In Ruth chapter 4 verse 11 when Boaz told the elders that his wife was going to be Ruth, they responded:


Ruth 4:11

11      … “We are witnesses. The LORD make the woman that is come into thine house like Rachel and like Leah, which two did build the house of Israel.” (KJV)


Rachel and Leah were not carpenters and the house they built was not a building. The house of Israel is made up of its people. Rachel and Leah (as well as their two maid-servants) built that house by giving birth to 12 sons. Rachel and Leah built the house of Israel by being fruitful and multiplying.


That could suggest that Proverbs 14 is saying a wise woman builds her house by bearing children. While that is valid to a certain degree, I think a more poignant interpretation comes from our reading in Galatians. There Paul wrote of the fruit of the spirit and encouraged the Galatians to bear that kind of fruit. From that perspective, you can see how bearing the fruit of the spirit would build the house of God.


If that’s what it means to build the house, what does Proverbs mean when it says “plucketh it down?” A search using Englishman’s concordance shows that the phrase “plucketh it down” often applies to people as well. In general it applies to the enemies of God whom have been or who will be overthrown. So if building the house means bearing the fruit of the spirit and building the house of God, plucking it down would mean uprooting the fruit of the spirit and tearing down the house of God.
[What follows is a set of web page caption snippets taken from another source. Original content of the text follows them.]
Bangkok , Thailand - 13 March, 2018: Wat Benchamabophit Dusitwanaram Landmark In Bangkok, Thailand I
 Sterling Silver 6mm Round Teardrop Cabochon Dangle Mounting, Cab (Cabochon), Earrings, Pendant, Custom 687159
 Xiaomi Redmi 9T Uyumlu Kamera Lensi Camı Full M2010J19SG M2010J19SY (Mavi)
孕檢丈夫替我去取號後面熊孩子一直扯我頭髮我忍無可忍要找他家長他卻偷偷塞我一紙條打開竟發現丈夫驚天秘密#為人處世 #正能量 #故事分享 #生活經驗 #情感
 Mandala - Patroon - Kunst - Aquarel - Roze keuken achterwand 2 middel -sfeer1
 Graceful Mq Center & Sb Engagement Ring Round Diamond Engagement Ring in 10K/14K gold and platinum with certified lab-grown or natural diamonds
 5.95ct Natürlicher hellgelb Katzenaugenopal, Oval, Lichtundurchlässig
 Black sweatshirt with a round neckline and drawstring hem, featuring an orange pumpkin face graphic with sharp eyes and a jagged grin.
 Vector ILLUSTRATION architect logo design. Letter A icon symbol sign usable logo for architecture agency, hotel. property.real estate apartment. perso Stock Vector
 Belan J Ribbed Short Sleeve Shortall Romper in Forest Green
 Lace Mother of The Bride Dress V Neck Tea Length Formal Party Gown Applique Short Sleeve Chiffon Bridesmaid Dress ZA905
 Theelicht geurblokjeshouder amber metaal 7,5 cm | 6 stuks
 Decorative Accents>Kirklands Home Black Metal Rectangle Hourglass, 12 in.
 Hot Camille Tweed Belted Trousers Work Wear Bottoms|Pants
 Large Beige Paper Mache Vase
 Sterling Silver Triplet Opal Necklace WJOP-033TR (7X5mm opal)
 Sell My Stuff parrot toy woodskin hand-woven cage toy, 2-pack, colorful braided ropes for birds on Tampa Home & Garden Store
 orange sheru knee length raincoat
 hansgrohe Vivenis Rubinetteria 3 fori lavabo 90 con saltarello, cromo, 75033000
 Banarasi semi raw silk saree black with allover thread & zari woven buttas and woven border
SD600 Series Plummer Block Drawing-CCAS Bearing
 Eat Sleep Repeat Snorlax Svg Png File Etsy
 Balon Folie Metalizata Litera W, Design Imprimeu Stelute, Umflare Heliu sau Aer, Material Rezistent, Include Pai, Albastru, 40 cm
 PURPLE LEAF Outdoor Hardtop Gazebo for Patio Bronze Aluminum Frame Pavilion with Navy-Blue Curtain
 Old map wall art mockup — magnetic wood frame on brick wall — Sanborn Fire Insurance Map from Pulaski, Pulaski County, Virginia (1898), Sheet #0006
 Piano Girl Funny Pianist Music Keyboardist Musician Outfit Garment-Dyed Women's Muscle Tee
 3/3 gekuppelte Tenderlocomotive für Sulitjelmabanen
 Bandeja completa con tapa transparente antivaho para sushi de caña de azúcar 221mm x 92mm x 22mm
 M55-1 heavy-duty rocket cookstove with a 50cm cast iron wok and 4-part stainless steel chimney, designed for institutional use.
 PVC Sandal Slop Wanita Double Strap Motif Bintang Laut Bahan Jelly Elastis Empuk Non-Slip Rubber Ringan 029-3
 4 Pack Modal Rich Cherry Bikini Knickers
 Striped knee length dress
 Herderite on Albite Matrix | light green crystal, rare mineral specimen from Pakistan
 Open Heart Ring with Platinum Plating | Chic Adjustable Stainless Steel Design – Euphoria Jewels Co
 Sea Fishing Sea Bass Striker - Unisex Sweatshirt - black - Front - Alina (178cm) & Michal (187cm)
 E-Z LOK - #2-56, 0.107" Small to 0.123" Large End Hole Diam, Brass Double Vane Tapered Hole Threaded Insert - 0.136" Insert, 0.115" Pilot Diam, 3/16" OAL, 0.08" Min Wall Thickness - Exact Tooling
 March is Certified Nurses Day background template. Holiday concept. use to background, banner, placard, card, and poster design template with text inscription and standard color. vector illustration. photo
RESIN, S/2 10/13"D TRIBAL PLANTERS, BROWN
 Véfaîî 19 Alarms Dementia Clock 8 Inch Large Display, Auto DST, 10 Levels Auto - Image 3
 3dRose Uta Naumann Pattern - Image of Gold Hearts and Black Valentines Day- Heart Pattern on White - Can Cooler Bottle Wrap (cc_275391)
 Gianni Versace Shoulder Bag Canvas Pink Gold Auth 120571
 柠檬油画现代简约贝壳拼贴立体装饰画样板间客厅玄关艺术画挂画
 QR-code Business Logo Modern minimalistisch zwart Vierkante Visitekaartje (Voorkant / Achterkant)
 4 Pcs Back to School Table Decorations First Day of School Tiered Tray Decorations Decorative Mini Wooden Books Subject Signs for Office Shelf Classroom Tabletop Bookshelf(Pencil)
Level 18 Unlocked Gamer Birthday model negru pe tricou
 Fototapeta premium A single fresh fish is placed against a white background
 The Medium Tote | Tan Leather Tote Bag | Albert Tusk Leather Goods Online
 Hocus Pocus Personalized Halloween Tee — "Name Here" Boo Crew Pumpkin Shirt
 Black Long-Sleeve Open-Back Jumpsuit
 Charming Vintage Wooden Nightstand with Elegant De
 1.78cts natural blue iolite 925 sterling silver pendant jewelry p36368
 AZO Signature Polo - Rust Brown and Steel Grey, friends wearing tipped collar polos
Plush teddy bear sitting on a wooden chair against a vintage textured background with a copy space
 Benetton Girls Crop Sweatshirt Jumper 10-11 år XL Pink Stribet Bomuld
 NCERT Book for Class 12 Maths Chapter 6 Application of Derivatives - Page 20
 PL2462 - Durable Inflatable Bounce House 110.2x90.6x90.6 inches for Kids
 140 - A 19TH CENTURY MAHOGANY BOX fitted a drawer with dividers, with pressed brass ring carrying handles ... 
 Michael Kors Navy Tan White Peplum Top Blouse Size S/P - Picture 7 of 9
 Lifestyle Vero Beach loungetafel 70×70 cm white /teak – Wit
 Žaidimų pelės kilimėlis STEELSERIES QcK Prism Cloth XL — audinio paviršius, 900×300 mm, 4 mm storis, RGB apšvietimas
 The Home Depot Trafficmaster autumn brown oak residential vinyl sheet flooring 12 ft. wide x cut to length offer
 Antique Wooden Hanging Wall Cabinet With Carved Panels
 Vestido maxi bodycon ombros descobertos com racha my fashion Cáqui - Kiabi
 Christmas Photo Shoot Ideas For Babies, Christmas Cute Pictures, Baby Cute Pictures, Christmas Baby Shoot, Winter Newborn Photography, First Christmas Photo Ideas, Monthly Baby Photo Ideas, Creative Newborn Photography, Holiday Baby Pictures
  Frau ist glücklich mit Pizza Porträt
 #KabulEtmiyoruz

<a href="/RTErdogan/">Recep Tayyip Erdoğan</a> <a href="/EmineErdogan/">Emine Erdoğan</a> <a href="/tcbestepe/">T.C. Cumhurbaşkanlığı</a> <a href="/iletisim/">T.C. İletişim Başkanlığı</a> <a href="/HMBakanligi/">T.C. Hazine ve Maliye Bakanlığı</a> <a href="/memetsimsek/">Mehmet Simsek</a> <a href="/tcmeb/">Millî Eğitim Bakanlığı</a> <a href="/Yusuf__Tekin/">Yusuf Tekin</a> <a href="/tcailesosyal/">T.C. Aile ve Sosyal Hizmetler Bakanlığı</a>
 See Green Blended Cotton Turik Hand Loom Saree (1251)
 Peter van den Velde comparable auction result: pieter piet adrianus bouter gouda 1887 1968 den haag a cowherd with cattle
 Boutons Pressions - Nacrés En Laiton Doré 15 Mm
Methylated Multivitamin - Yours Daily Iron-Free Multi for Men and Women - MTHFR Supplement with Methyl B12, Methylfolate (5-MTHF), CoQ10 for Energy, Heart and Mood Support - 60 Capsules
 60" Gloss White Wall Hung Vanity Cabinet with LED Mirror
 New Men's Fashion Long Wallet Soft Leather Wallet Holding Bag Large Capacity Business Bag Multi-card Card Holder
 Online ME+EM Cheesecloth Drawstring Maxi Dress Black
Given those options we would hope that we would always play the role of the wise woman or only come in contact with her. Unfortunately that’s not always the case. We could all point to incidents in our lives were we have either been victimized by or played the role of the foolish woman. I’d suggest that the foolish woman of Proverbs doesn’t intentionally tear down the house of God – after all, she’s called a foolish woman, not an evil woman. Nevertheless, she leaves in her wake a path of unintended destruction – damaged, scarred or even ruined faith.


There are many ways the foolish woman can strike, and I think in his letter to the Galatians, Paul addressed one of those ways. In his letter, Paul focused a great deal on the Law of Moses. Many of brethren at Galatia had begun returning to the law. Paul’s admonition to them was not to return to the old ways. He said they should walk in the spirit bearing one another’s burdens, fulfilling the law of Christ.


By reverting back to the Law of Moses, I think the Galatians became the foolish woman of Proverbs. Instead of building the house of God through the spirit, they were tearing down the house of God through the law.


Throughout his letter to them, Paul drew contrasts between the law and the Spirit. He also does this in his second letter to the Corinthians. 


In 2 Corinthians 3 and verse 3, we read from the NIV:


2 Corinthians 3:3

3        You show that you are a letter from Christ, the result of our ministry, written not with ink but with the Spirit of the living God, not on tablets of stone but on tablets of human hearts. (NIV)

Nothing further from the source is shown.